▶ _What this task involves_:
Pictures do not belong in the copy; restate the records below word for word.

▶ _Data_:
....

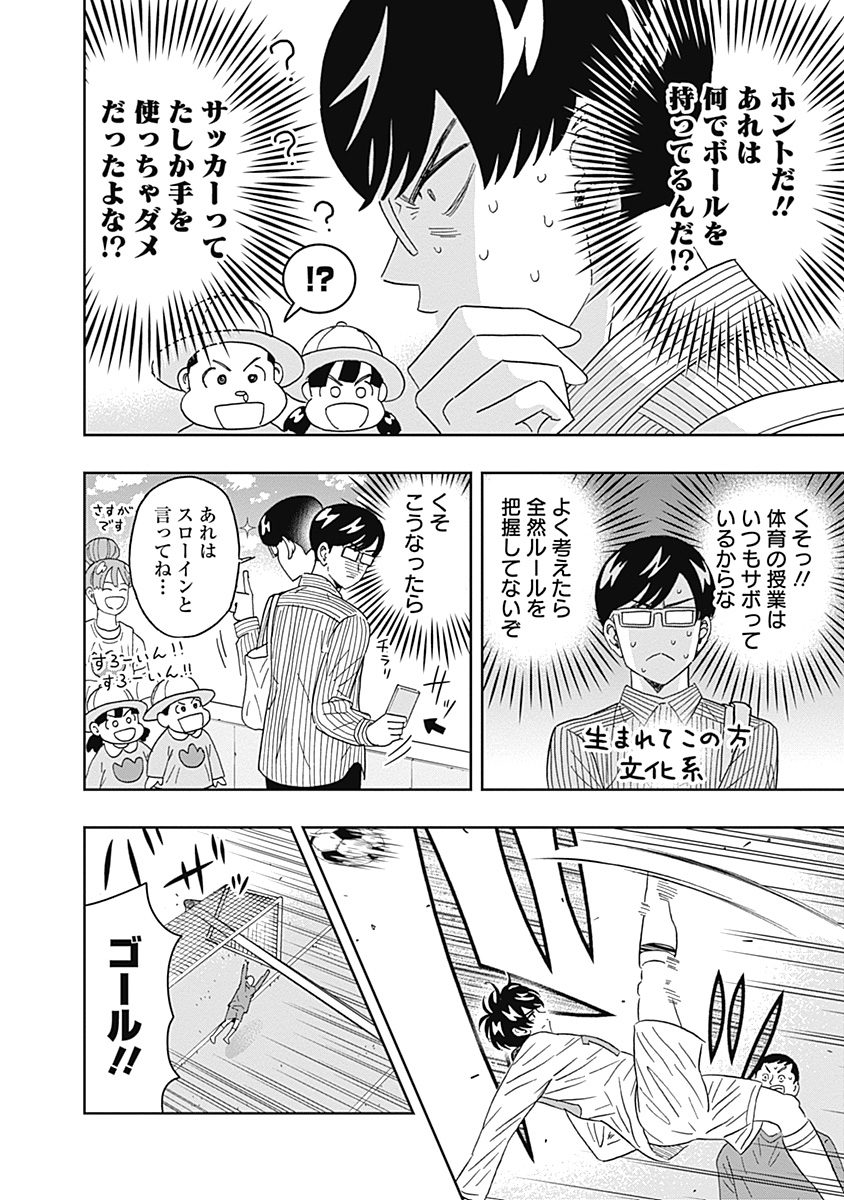 Keppeki Danshi! Aoyama-kun - Chapter 60 - Page 9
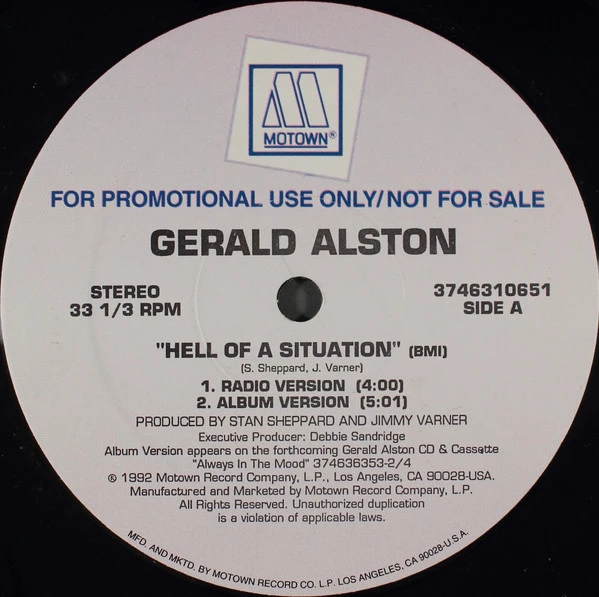 Image of the ordered vinyl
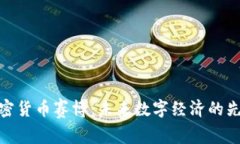 加密货币赛博：未来数字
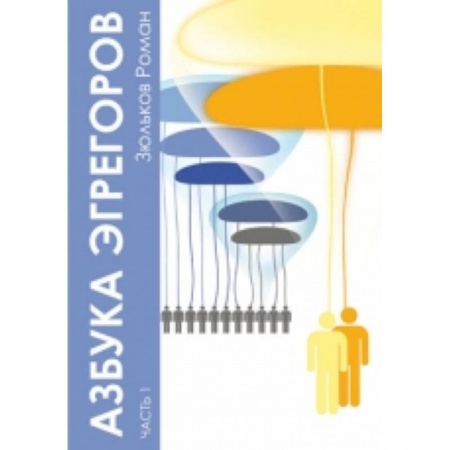 Книги, книга Азбука Эгрегоров. Часть 1 купить по низкой цене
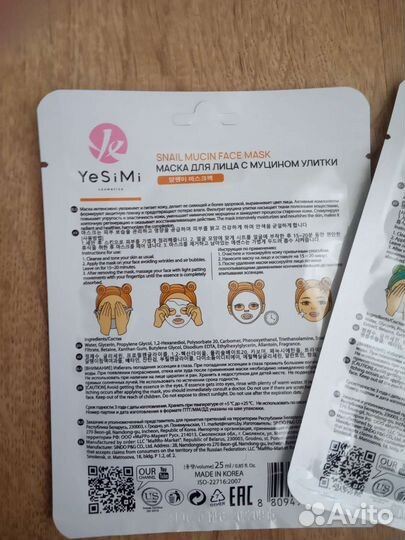 Новые маски для лица Корея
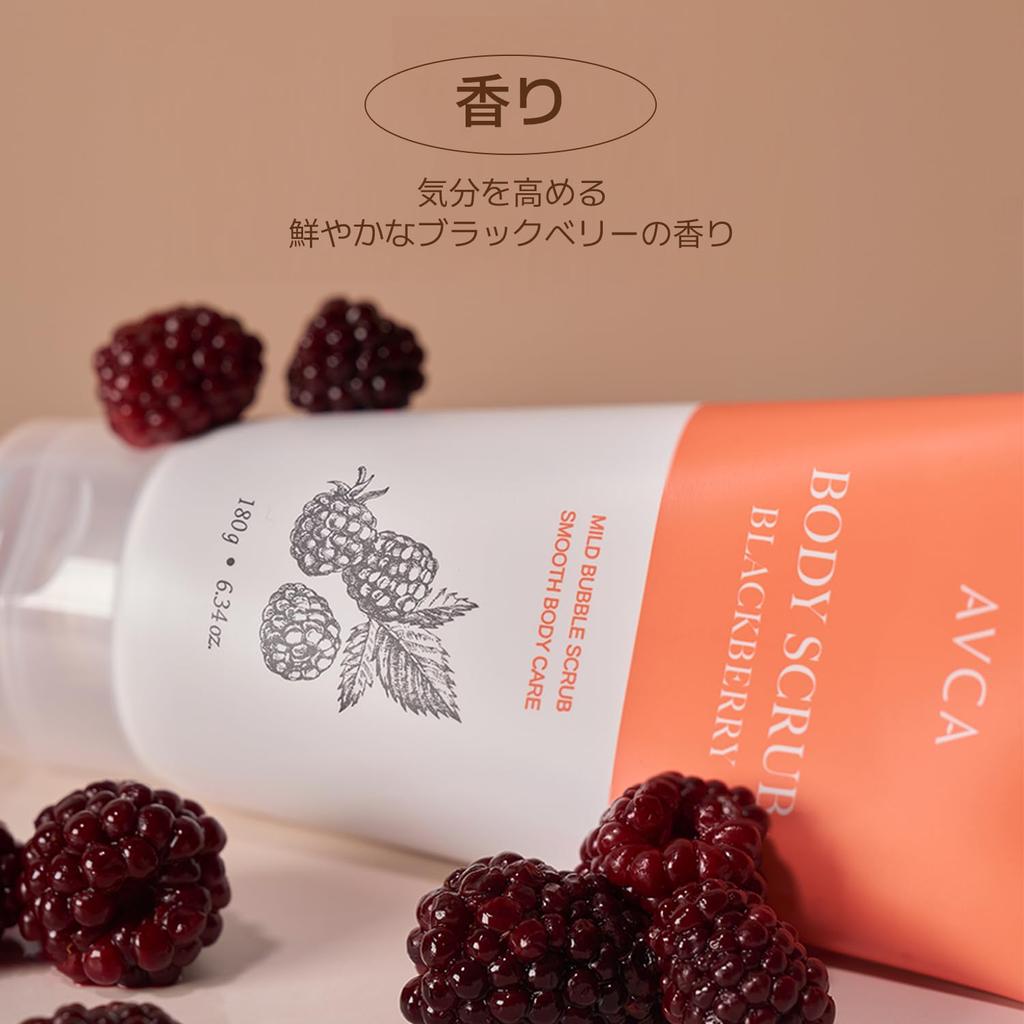 AVCA Signature Body Scrub Blackberry 180g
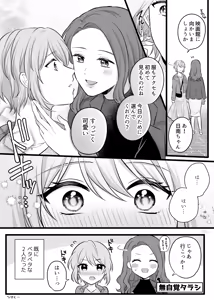 Page 357 of Namaniku (49283008) Part 1 - preview thumbnail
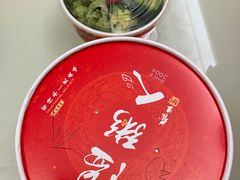 -温粥人(春晖路店)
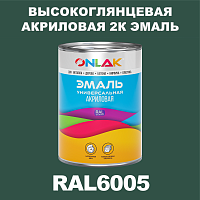 Высокоглянцевая акриловая 2К эмаль ONLAK, цвет RAL6005, в комплекте с отвердителем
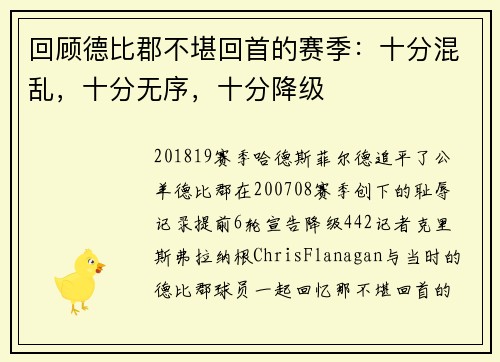 回顾德比郡不堪回首的赛季：十分混乱，十分无序，十分降级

....

▶ _Exercise answer_:
 Keppeki Danshi! Aoyama-kun - Chapter 60 - Page 9
 Image of the ordered vinyl
 加密货币赛博：未来数字
 Книги, книга Азбука Эгрегоров. Часть 1 купить по низкой цене
 Новые маски для лица Корея
 AVCA Signature Body Scrub Blackberry 180g
 Page 357 of Namaniku (49283008) Part 1 - preview thumbnail
 -温粥人(春晖路店)
 Высокоглянцевая акриловая 2К эмаль ONLAK, цвет RAL6005, в комплекте с отвердителем
 回顾德比郡不堪回首的赛季：十分混乱，十分无序，十分降级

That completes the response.